There were conferences playing Division I in everything except football and the belief was they needed to play everything Division I except they weren't especially enthusiastic about Division I football and the high scholarship limit and lack of post-season opportunity that would exist for them.

The solution simply was to split football into I-A and I-AA with a lower scholarship limit, allowing one less assistant coach and the NCAA would provide a post-season opportunity for them. They wouldn't be in on the NCAA TV deal but their savings on 25 scholarships and one assistant position was more money than what their conference share of TV would have been.

It was truly a mutual deal. Those schools felt it was a better solution for them in being pushed to give up Division II football than being in an undivided Division I where they could offer fewer scholarships but would have no post-season to play for.
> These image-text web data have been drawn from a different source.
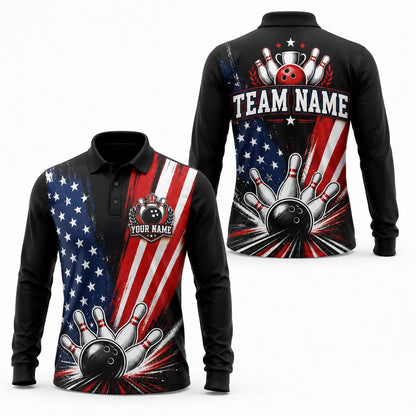 Bowling Ball Strike Stars Personalized Bowling Polo Shirt Long Sleeve Polo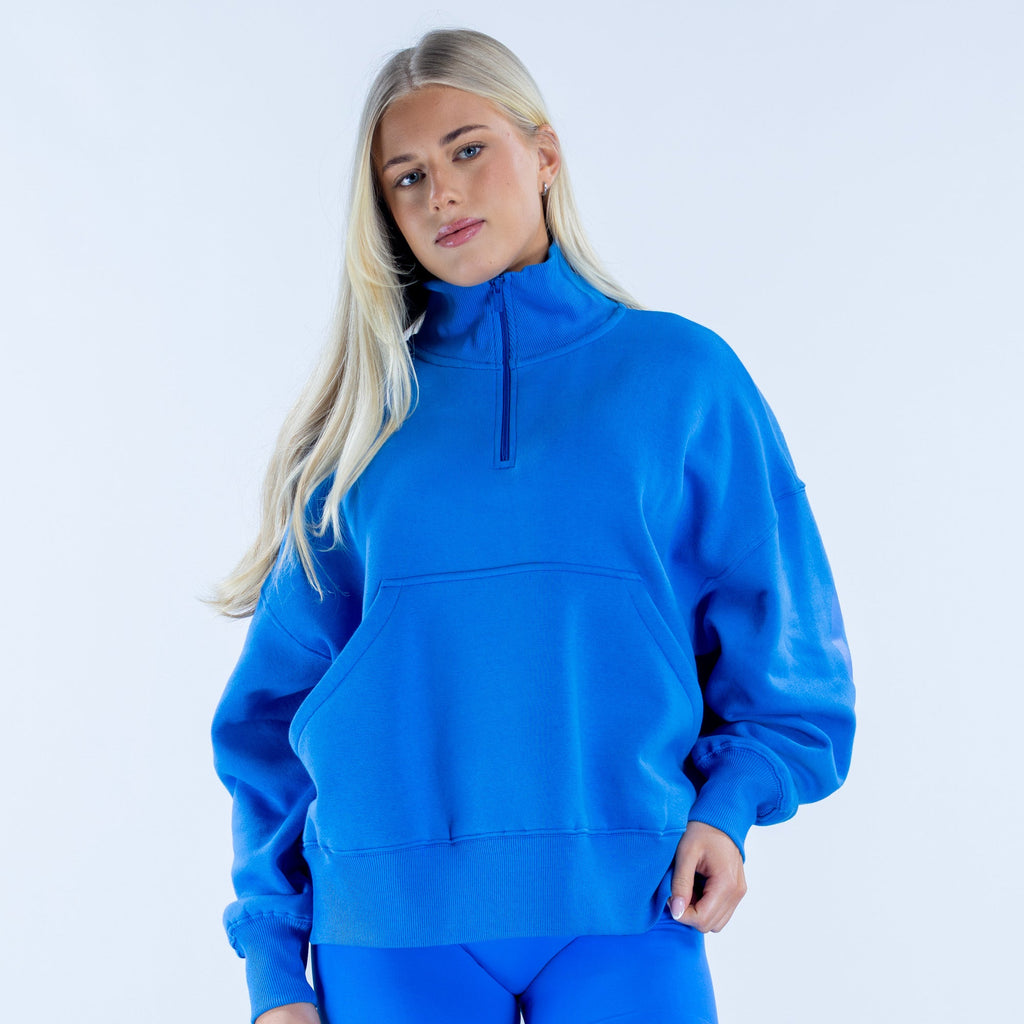 Signature Quarter Zip Sweatshirt Electric Blue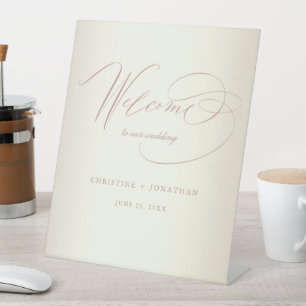 Signe De Table Élégant Rose Gold Script Champagne Mariage Bienven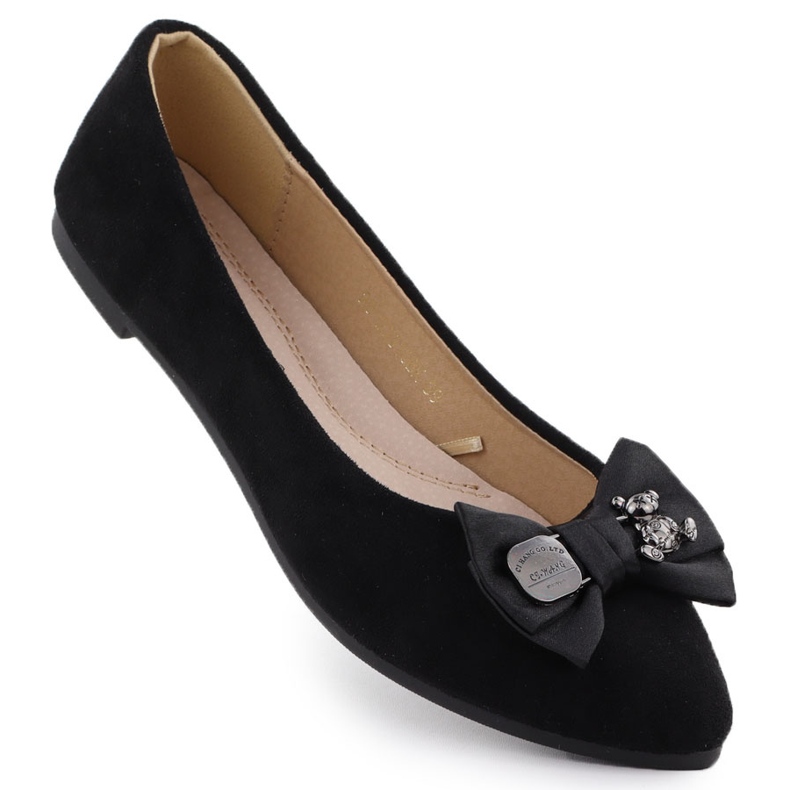 Frauen -Ballerinas mit einem Bogen Black Potocki BB23310 schwarz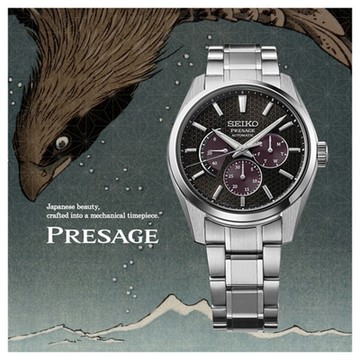 SEIKO精工 Presage 新銳多針機械錶 新春換新 送禮首選-黑鳶色(SPB307J1/6R21-01H0D)_SK045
It was far from mutual in a lot of places. 1-AA was voluntary for the first 5 years. The SoCon vowed to retain 1-A status, but in 1978 that position weakened when William & Mary, Richmond and ECU left over a disagreement of some new additions to the conference. They opted for a 1-A independents status. Only ECU made the investment by expanded their stadium to 35K. The SoCon, Southland, PCAA and Missouri Valley were forced into 1-AA in 1982. There were split conferences like the Missouri Valley & PCAA with teams classified 1-A and 1-AA. The MAC was initially classified 1-AA, but a number of former MAC coaches who had moved up to Big Ten Schools who wanted to schedule their old schools petitioned the NCAA and got a waiver for their old conference to remain 1-A. Between 1984 & '86 a handful of schools, including W&M and Richmond, were reclassified back into 1-AA.